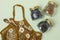 Flat lay of three glass jars with tea, wooden spoons and a reusable string bag on a mint background decorated with daisies.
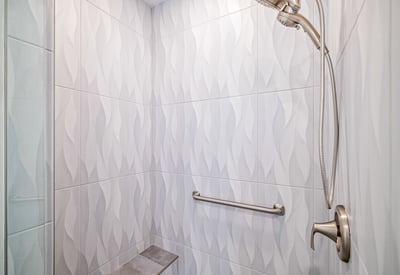 The shower s eye-catching tilework and sleek glass surround add elegance and modern flair to this beautifully updated bathroom.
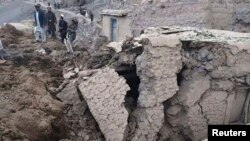 Afghan villagers gather at the site of a landslide in the Argo district of Badakhshan Province on May 2.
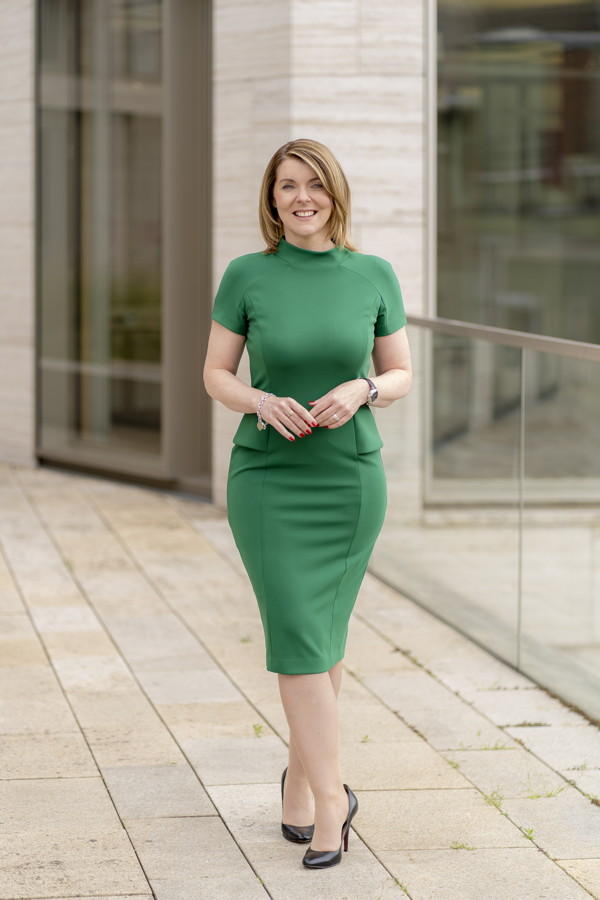 Eine Frau in einem grünen Kleid steht vor einem modernen Gebäude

• Work to be completed: The listing above is to be written out again exactly, with its pictures omitted.

• Solved exercise:
 Flat lay of three glass jars with tea, wooden spoons and a reusable string bag on a mint background decorated with daisies.
 The shower s eye-catching tilework and sleek glass surround add elegance and modern flair to this beautifully updated bathroom.
 Afghan villagers gather at the site of a landslide in the Argo district of Badakhshan Province on May 2.
 Eine Frau in einem grünen Kleid steht vor einem modernen Gebäude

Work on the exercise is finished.